When I got engaged I was so happy, so excited and couldn’t wait to share with friends and family and of course update my Facebook status for all my online friends and family to know my good news.  But first I spoke to my parents, and sent a quick celebration text off to my closest friends, only then when I knew our nearest and dearest friends had been told and conversations exchanged that I updated my Facebook page.  Some of you are probably not too sure of the whole Facebook thing, people sharing personal information, I find it very liberating.  I cannot tell you how many comments I had from my online community, they were all so exciting that just made me smile for days, some tears too! How amazing to be able to share this with the people I admire and respect. 

The main thing to remember when posting anything on ANY social media site is that it is permanent.   You have to be polite and respect others.  You can still have your opinion, but choose what is appropriate for your audience.  If you don’t like people sharing your pictures or words, set up your account properly, understand your options. Take responsibility.

Not everything is personal.  If someone doesn’t add you as a friend on Facebook or doesn’t engage, don’t take it personally, it isn’t always a true reflection.  I have friends who I hardly see, speak too anymore from Western Australia, so those who I don’t engage with I have taken off my friends list.  This doesn’t mean I do not care for them.  

If you are a business on Facebook, ensure you address your audience and post appropriate post, pictures in relation to that business. You have a personal page (Jane Smith) and a separate business page (Jane Smith’s Cupcakes).   Your clients won’t have to know about your wild dress up party from Saturday night that got a little messy or your friend’s being bombarded by pictures of your cupcakes.  Brand is everything and everyone has a personal brand.

Think before tagging is the best etiquette also.  Would YOU be happy with that drunken picture of you with your eyes rolling back in your head posted for all your audience (mum, dad) to see? If you don’t like people tagging you, set that up in your settings and also remind your friends. Courtesy is key.

Bullying anytime anywhere is not on. Those who bully others on social media are cowards. Parents should know the passwords to their children’s Facebook accounts if under 18.  Both should sit down and talk about the importance of privacy and setting up the account with appropriate settings, education is key.  If you are not on Facebook yourself, learn about it and accept that it is a channel that your child will want to explore. An understanding has to come with the parent/child agreement with Facebook use.  There are too many perverts out there to keep everyone safe from bullying and online misconduct.  Being able to talk about it is key also.

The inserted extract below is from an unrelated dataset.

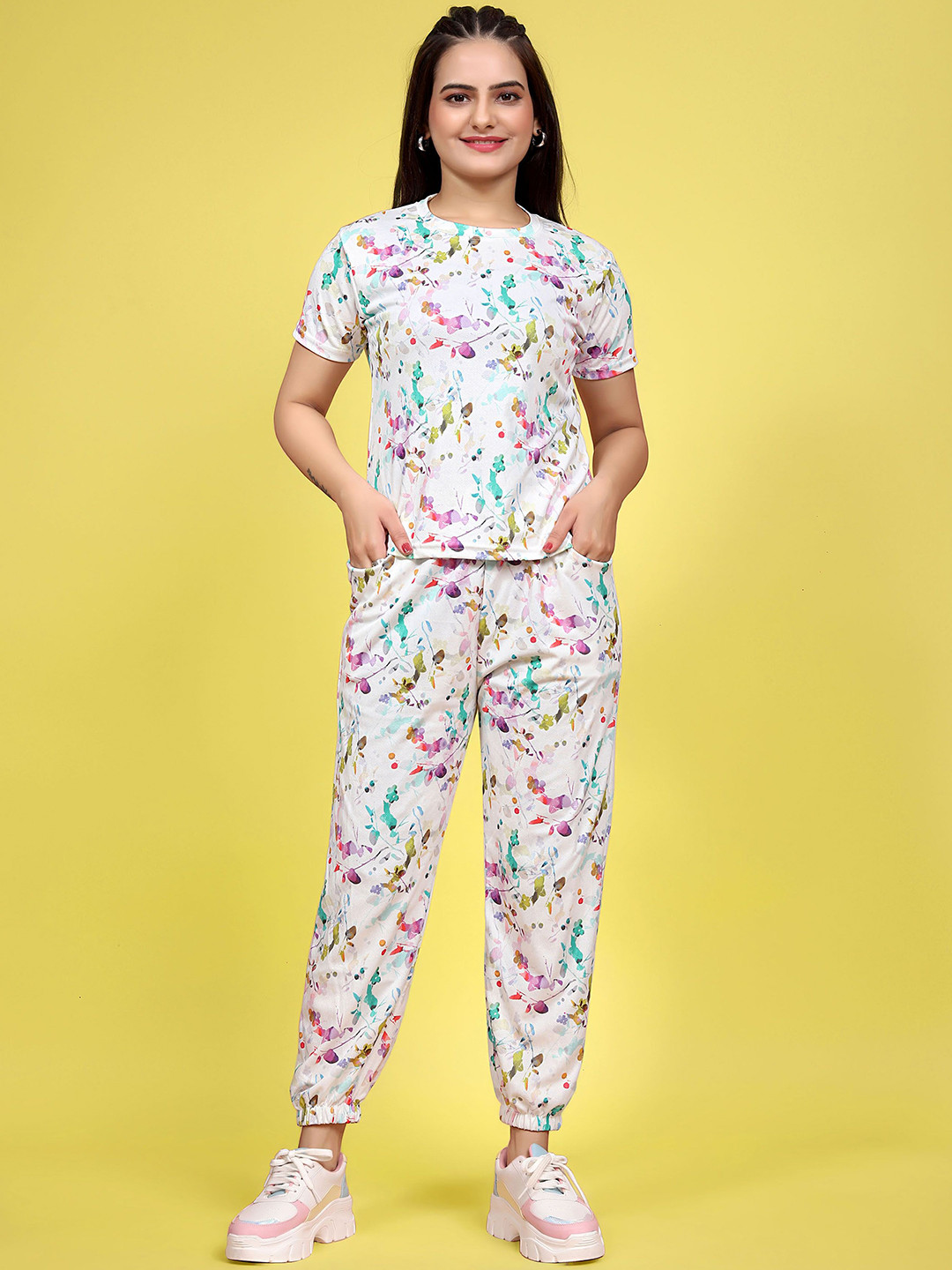

SAKARMAA Printed T-Shirt With Joggers Co-Ords, White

Adults can sometimes be the bigger bully. Grow up.  Be kind or get off social media tools.  Posting on someone’s Twitter feed you wish they would die, is bullying or commenting rudely on a post is bullying.  I am excited to hear that there are a few cases that have gone to court, being charged with attacking others on social media sites.  It is the same as doing it in person, wrong.

Be polite, be kind, be funny, challenge your friends on topics but do it with respect.  Ensure you have your profile on any social media tool set up to your preference.  If you do de-friend a person on Facebook because their posts annoy, upset you, be honest and tell them why.  Or hide their posts from your feed if you feel it will cause unnecessary tension (family members).

Added paragraph after publishing:
Further to a valid point made by Amy on my published post on Facebook today - those people expecting to find out about your baby, dog, cat, life on Facebook, if you aren't a close friend, or close work acquaintence, you will find out when the user is ready to post, do not RELY on these social media channels for information. This is also etiquette! Be respectful of the person, especially in Amy's case when she had a baby, she surely was busy, resting, tired, contacting family to do a selfie or baby piccie for you!